Впрочем, никто и не собирался снова перемещать Романовых: не для этого их привезли в Екатеринбург…
…Еще 4 июля Голощекин отбыл в Москву к Свердлову для получения специнструкций, касающихся Николая II и его семьи. Он остановился на квартире у Свердлова и тут же был извещен по телелрафу Белобородовым о событиях в Екатеринбурге. Там новым комендантом Дома особого назначения стал чекист Юровский, а охрану из местных жителей заменили интернационалистами из чрезвычайки, которых все называли латышами. Голощекин вернулся из Москвы в Екатеринбург 14 июля, в канун казни. Его возвращение совпало по времени с рядом мер, предпринятых Юровским для подготовки убийства.

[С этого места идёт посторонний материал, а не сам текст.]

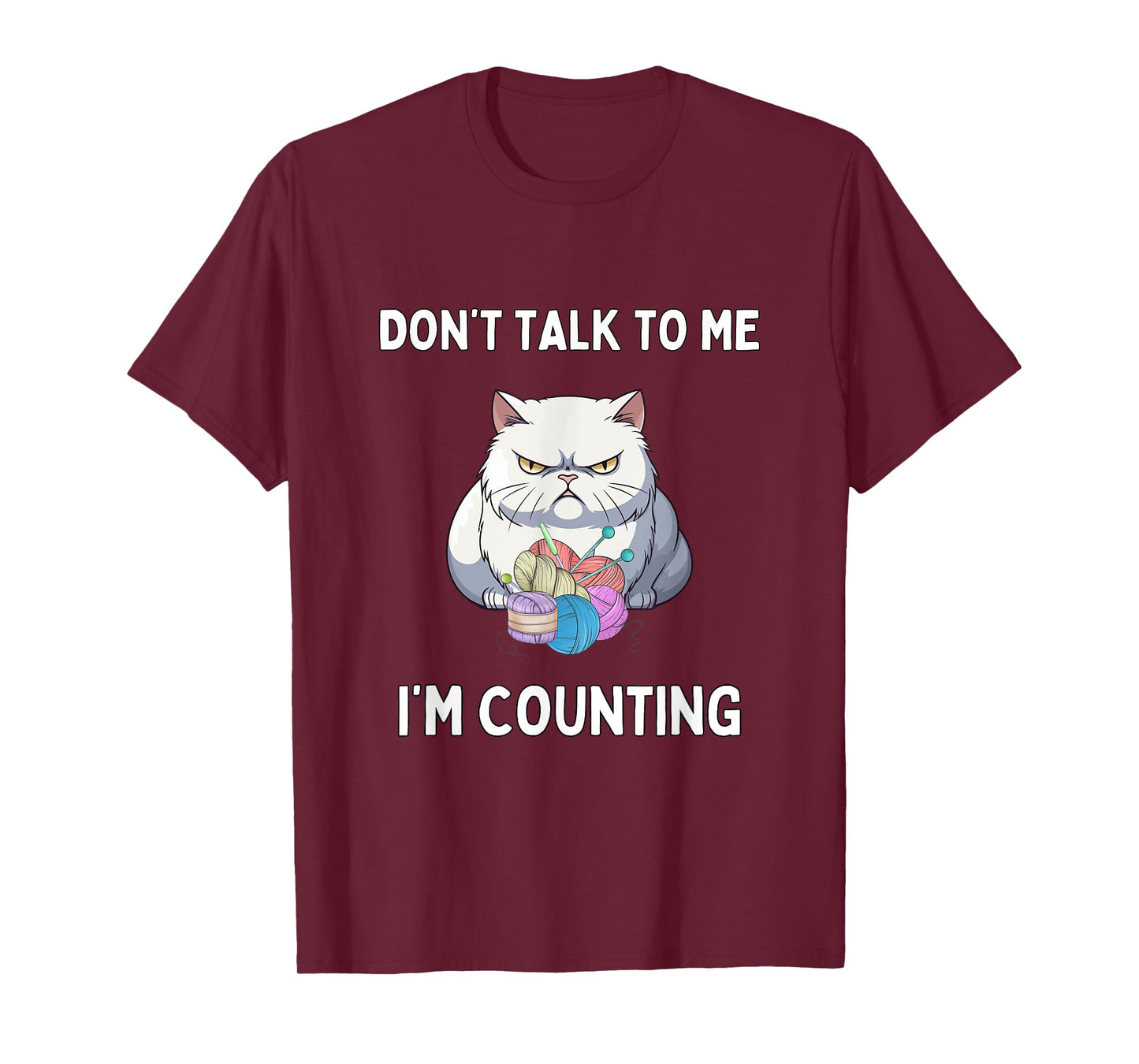 Don't Talk To Me I'm Counting Funny Crochet Cat Lover T-Shirt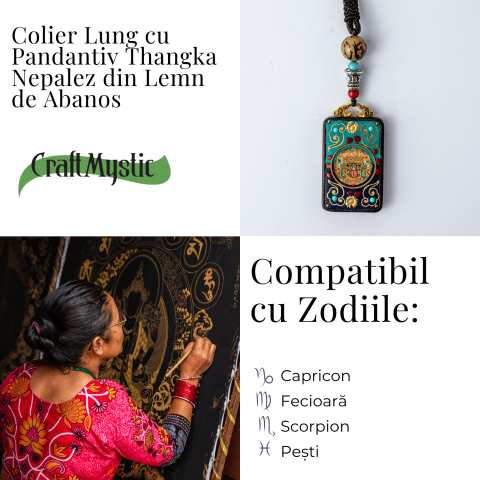 Colier Thangka Nepalez din Lemn de Abanos cu Leul de Zapada – Protectie Spirituala si Echilibru Interior [5]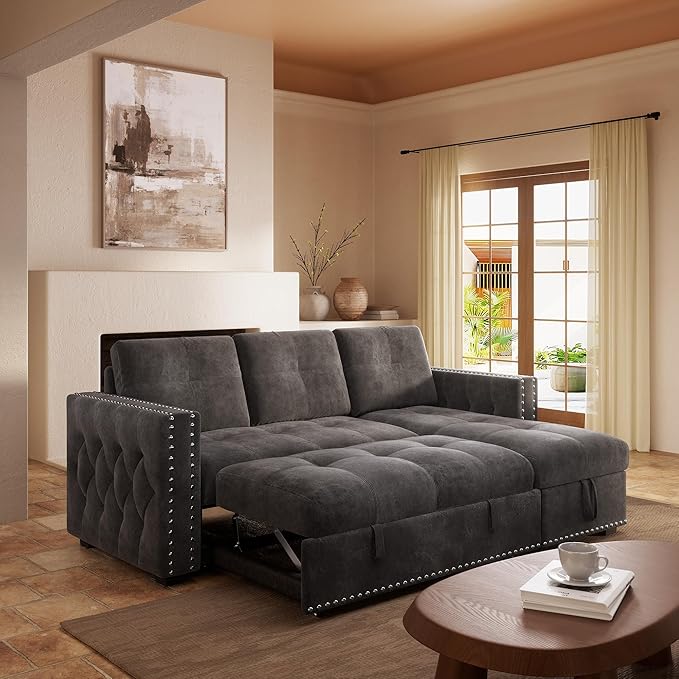 Morden Fort Pull Out Sofa Bed with Storage 91'' Oversized Sleeper Modular Sectional Comfy L-Shape Couch for Living Room Apartment Faux Leather Dark Grey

Заседание Екатеринбургского Совета в ночь на 17 июля 1918 года, якобы решившего участь Романовых, было не более чем обычной партийной инсценировкой, предназначенной для обмана «трудящихся масс». Юровский вспоминал:
«16. 7 была получена телеграмма из Перми на условном языке, содержащая приказ об истреблении Р-ых (Романовых)…
16-го в шесть часов вечера Филипп Г-н (Голощекин) предписал привести приказ в исполнение. В 12 часов должна была приехать машина для отвоза трупов…».[47]